Lidge turns back the clock in Game 3
Phillies closer, after awful regular season, goes into postseason mode and gets save
DENVER -- He came trotting out of the bullpen at 2:02 a.m. ET, or Philadelphia Daylight Nail Chewing Time.
A year ago, this was his time. His place. His mountaintop.
But as Brad Lidge has been finding out for six agonizing months now, it isn't last year anymore.
It was the bottom of the ninth inning on a frigid Denver evening in October. The Phillies had just ground out a gigantic run in the top of the ninth to take a 6-5 lead on the Rockies in Sunday's pivotal third game of their National League Division Series.
There were three outs to go. And it was Brad Lidge's job to get them.
For the past five weeks, it hasn't always worked out that way. But this time, there was no other direction for Phillies manager Charlie Manuel to go. He'd used Ryan Madson. He'd started J.A. Happ. He didn't think Brett Myers was physically ready for this particular assignment yet.
So this was it. The manager was going to have to hand Brad Lidge the baseball. And not much was riding on it. Just his team's entire season. That's all.
Twelve heart-thumping minutes, five hitters and 20 pitches later, it would all work out fine. Troy Tulowitzki's two-out fly ball settled into the glove of left fielder Ben Francisco. And the Phillies had taken a 2-1 lead in the only division series left standing.
But on this bone-rattling night, or morning, or whatever the heck it was, this seemed like more than just another October victory.
It seemed like redemption.
"I know what I'm capable of," Lidge said confidently, after a 4-hour, 6-minute game that will go down in history as the longest nine-inning National League postseason game -- NLDS or NLCS -- ever played. "I knew when the postseason came around, I could get out there and do my job."
But if he knew -- if he really knew -- he might have been pretty close to the only one who did. He was, after all, only a week removed from the end of the worst season of his life -- and practically the worst season of any closer's life.
His 11 blown saves were the most by any NL closer since 1998. His 7.21 ERA was the highest of any reliever in history who got to pitch as many innings (58 2/3) as he did.
And as he took the mound on this fateful evening, he hadn't saved a game in 21 days. He hadn't saved a one-run game since Sept. 3. He hadn't even been handed a save opportunity since Sept. 23. That was 2½ weeks ago.
But this game had spun in so many crazy directions over four incomprehensible hours, there was no alternative. His wait was over. His time to prove this was a whole new season had arrived.
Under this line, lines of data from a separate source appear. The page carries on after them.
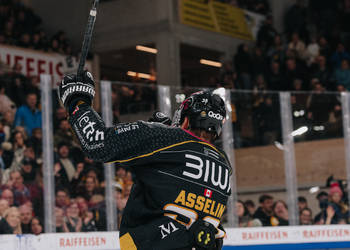 38 Asselin Guillaume, C.G Photographie, Colin Girard, Fin de match, HCA, HCAjoie, Hockey Club Ajoie, Joueurs NL, NL, National League, Porrentruy, RAIFFEISEN ARENA, SCL Tigers, SCLangnau Tigers, Saison 2023-24, hockey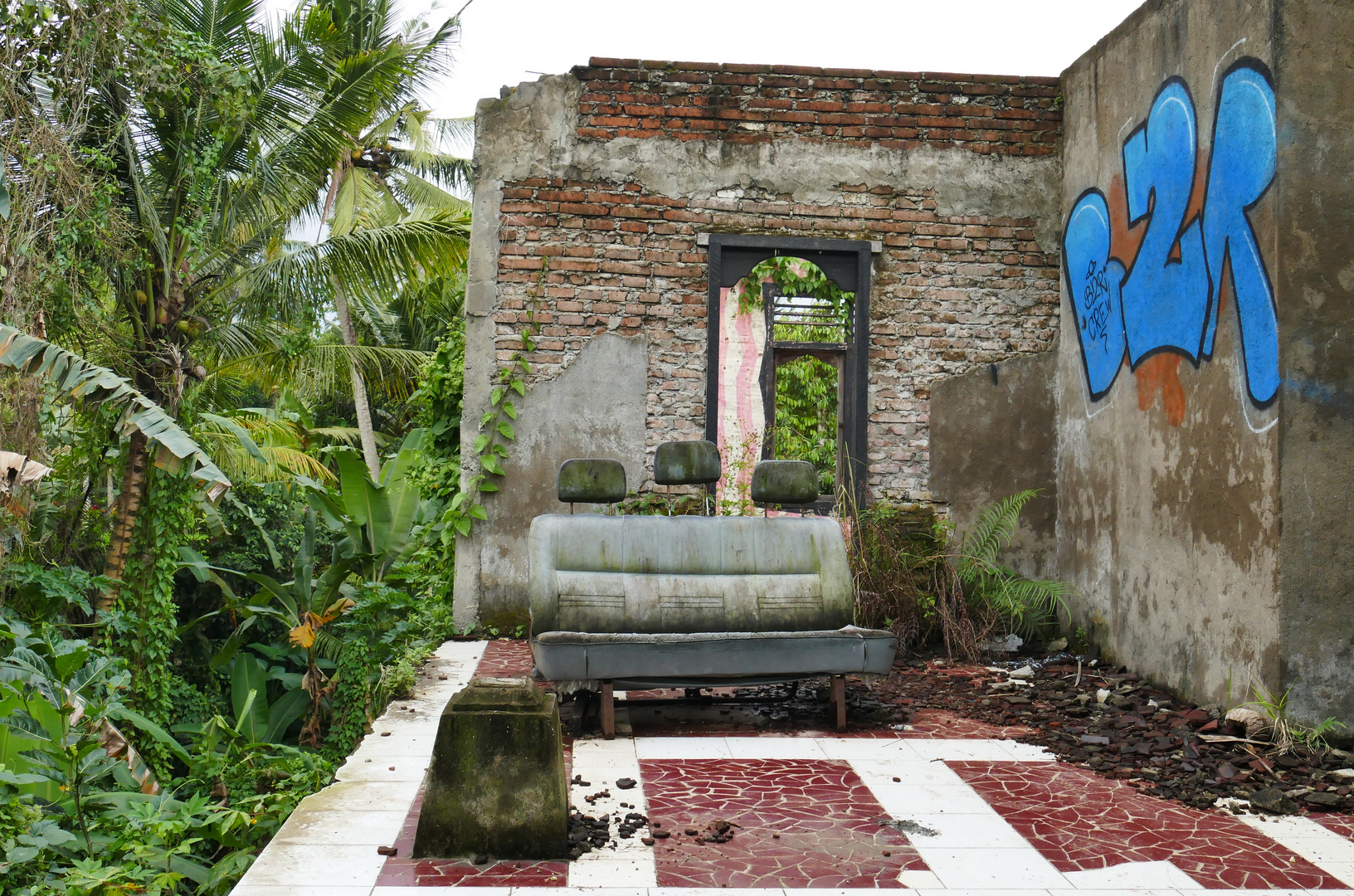 ...Lost Place vor den Toren Ubud`s...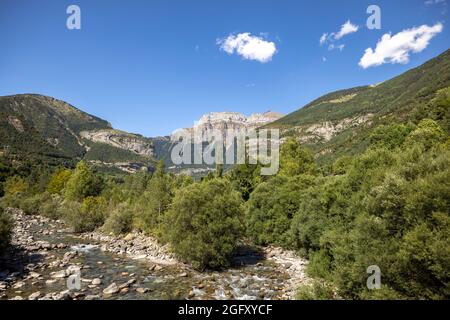 Nuages passant au-dessus des montagnes et de la rivière monte pedido Banque D'Images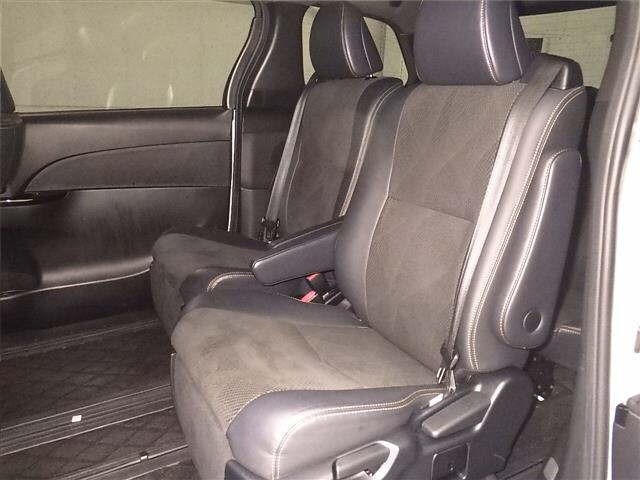Toyota ESTIMA 2017 7172711-7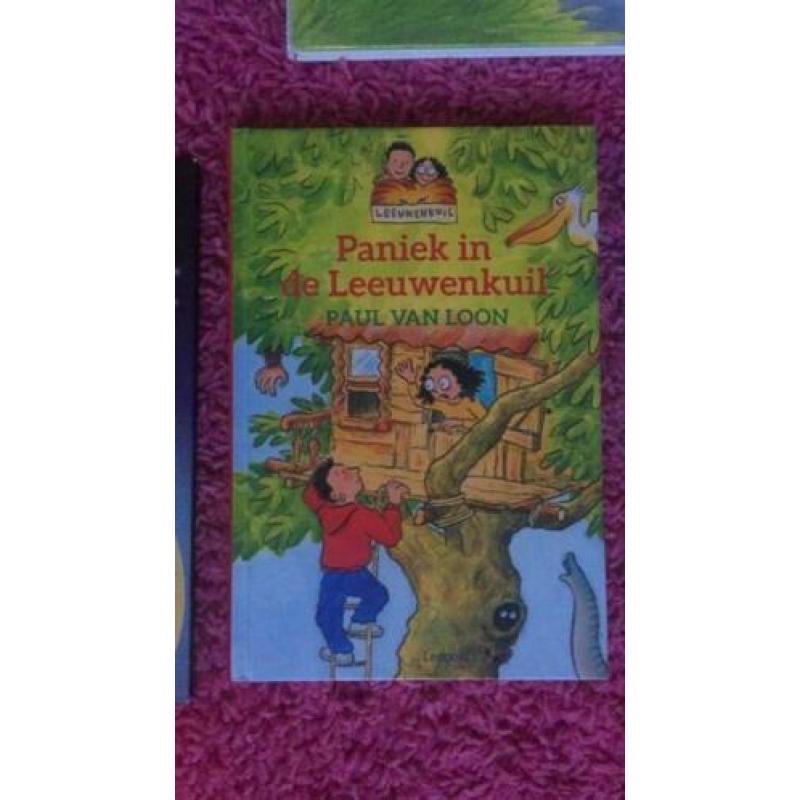 Diverse titels van onder andere Carry Slee, Paul van Loon,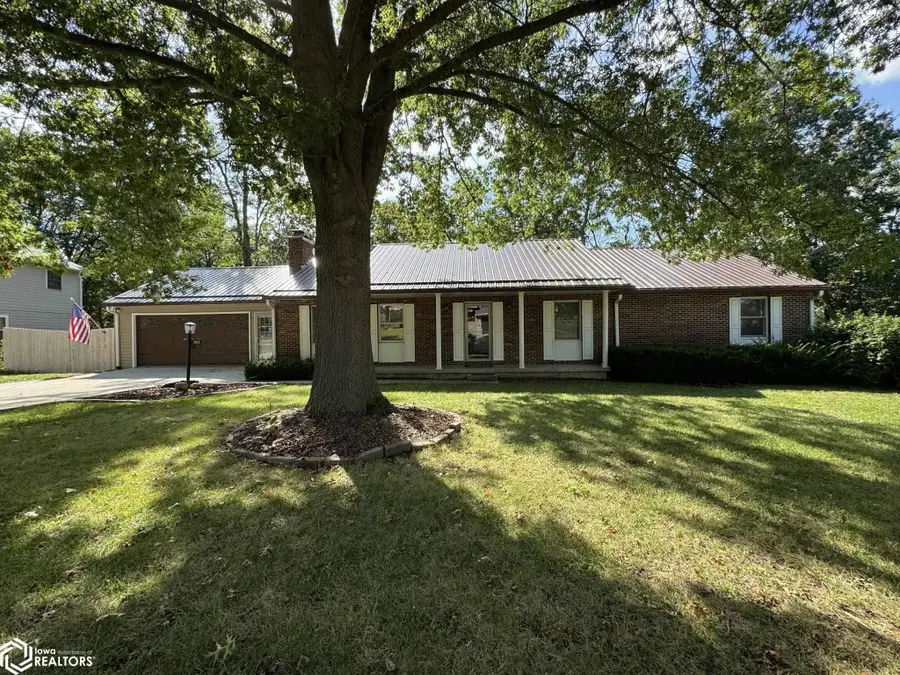 2028 Golfview Circle, Centerville, IA 52544 - #3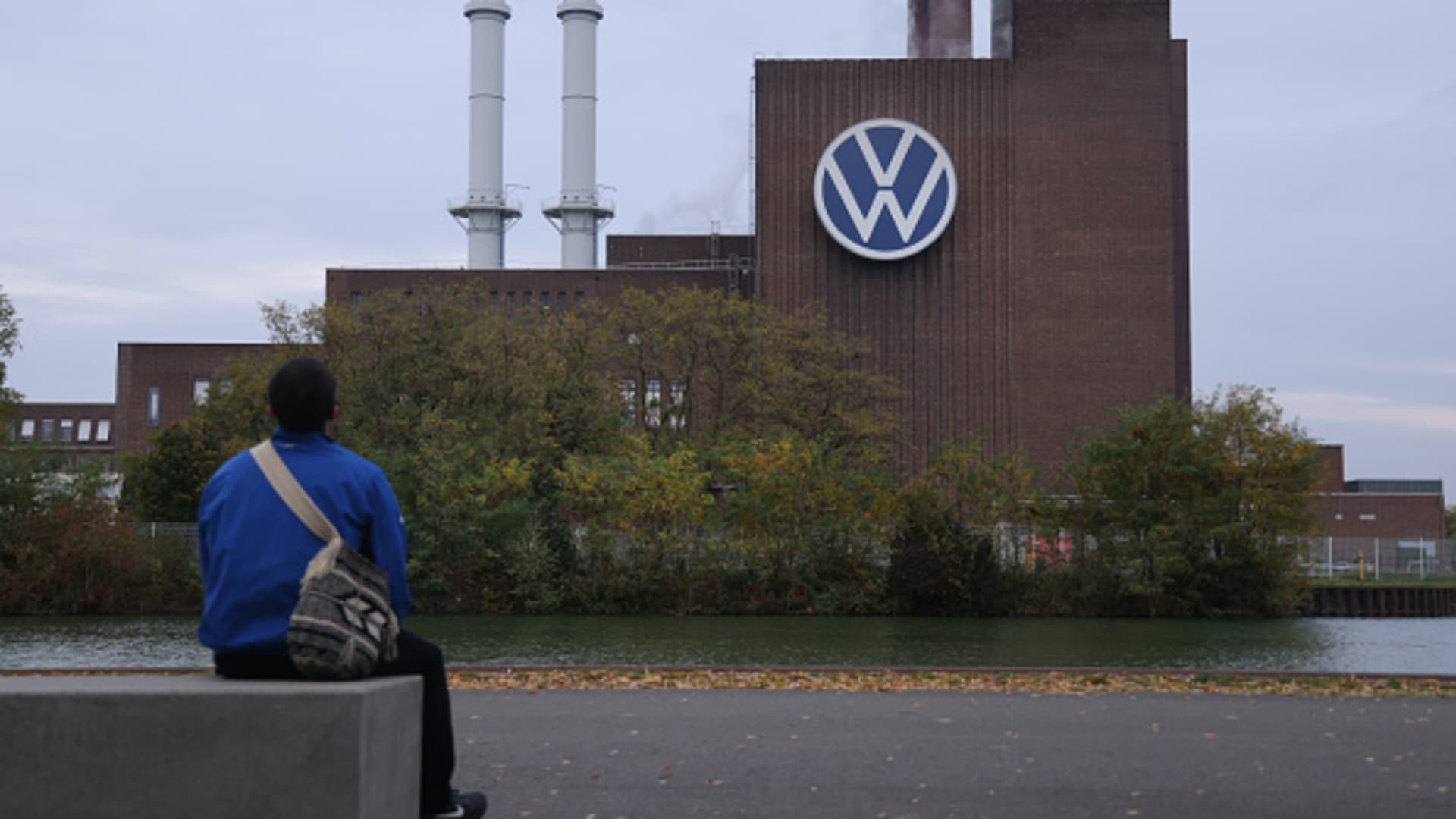 Volkswagen warns of output stoppages amid Nexperia chip disruption Volkswagen warns of output stoppages amid Nexperia chip disruption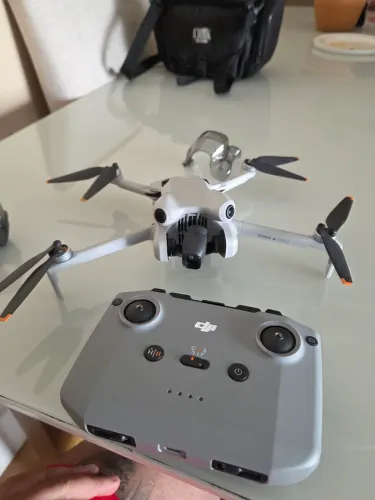 VENDO OU TROCO - DRONE DJI MINI 4 PRO - Em oculos da oakley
He started tossing those warm-up pitches as 50,109 frostbitten onlookers rose from their icy seats in their purple jackets, spun their October rally towels and turned Coors Field into a giant thunder-clap. Brad Lidge may be a Colorodan himself. But only his friends, relatives and teammates were pulling for him here.
So as he stood on the mound, waiting for the signal that the TV commercial break was over and it was time to pitch, Jimmy Rollins looked him right in the eyeballs and said, "You're going to get them out."
"Yeah," Lidge replied.
"What's that mean?" Rollins retorted.
And for a moment, Lidge seemed startled by the challenge. Then he looked Rollins back in his own eyeballs and told him: "You're right. We're going to get this done right here, right now."
And then -- whaddayaknow -- he did exactly that.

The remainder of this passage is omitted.